Elminster sospirò. «Sembra che tutto il mondo sia infestato dai maghi».

Broarn sorrise. «Pare che sia così, mio signore. Se vi dovete nascondere dai signori maghi, risalite il Torrente Unicorno, nel cuore della Grande Foresta. Temono che gli elfi possano insorgere contro di loro, e su ciò non si sbagliano… il popolo della foresta ha paura di perdere ancora parte della sua terra a opera delle asce di Athalantar, e lotterà per ogni singolo albero. Se dovete nascondervi solo dai soldati, la Foresta del Drago proprio dietro di noi farà al caso vostro… loro temono i draghi. I maghi dicono di aver ucciso l’ultimo drago qui nei dintorni, e preso il suo tesoro, una ventina di inverni fa, ma non riescono a far sì che la gente semplice ci creda».

Elminster sorrise. «E se invece voglio combattere? Come faccio ad avere la meglio su un mago?»

Broarn allargò le sue mani grandi e pelose. «Imparate, o lanciate una magia più forte».

El scosse il capo. «Come ci si può fidare di qualcuno più potente dei signori maghi? E se una volta uccisi si impossessasse lui stesso del trono?»
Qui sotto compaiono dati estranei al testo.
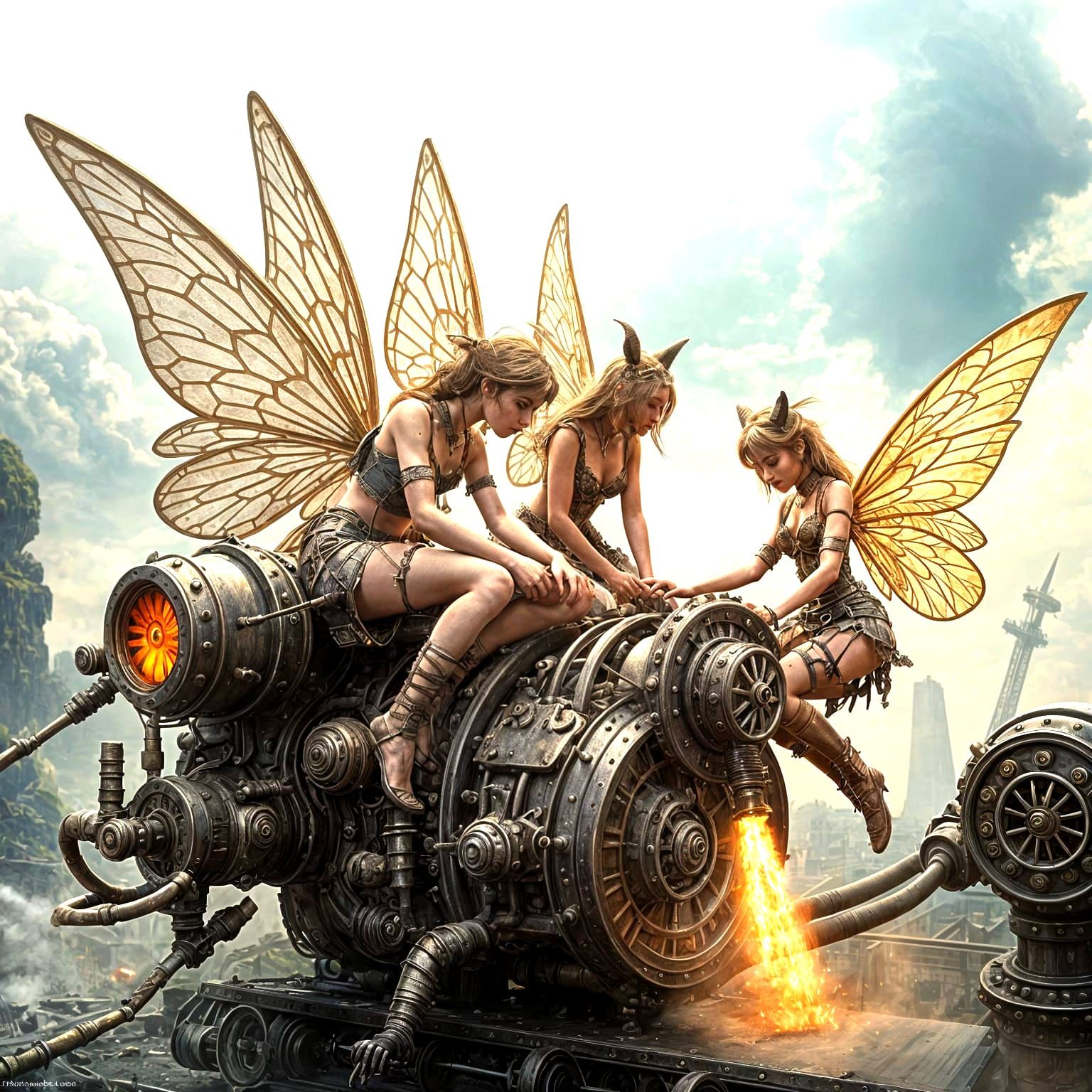 Steampunk Fairies Dancing in Clockwork City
Il locandiere annuì in segno di assenso. «Avete ragione. Ebbene, l’altro modo è molto più lento e meno sicuro».

Elminster si sporse dallo sgabello, e gli fece cenno di proseguire. «Ditemi, dunque».

«Lavora da dentro, come un ratto che rosicchia la dispensa».

«Come fa un uomo a diventare un ratto?»

«Ruba. Diventate un ladro, frequentate le vie secondarie e le taverne dei bassi fondi e i mercati di Hastarl, rimanete attaccato alle vesti dei maghi e aspettate, osservate e imparate. I guerrieri devono stare eretti e agitare le spade… ed essere visti e uccisi da qualsiasi mago che punti una bacchetta contro di loro, e i fuorilegge devono uscire troppo spesso in cerca di cibo. Probabilmente avete visto abbastanza delle terre selvagge del regno per soddisfare la vostra curiosità. È ora che conosciate la città, e il ladrocinio. Si apprende a governare, come sostiene qualcuno». Sorrise per la sua battuta sollevando un angolo della bocca. «Inoltre, la via di un guerriero non è meno sicura di quella del ladro; qualsiasi uomo può essere sopraffatto se preso da solo – come avete imparato stanotte – e se aspettate abbastanza a lungo…»

El sogghignò come un lupo a un banchetto, si alzò e afferrò le gambe del mago. «Avete un badile?»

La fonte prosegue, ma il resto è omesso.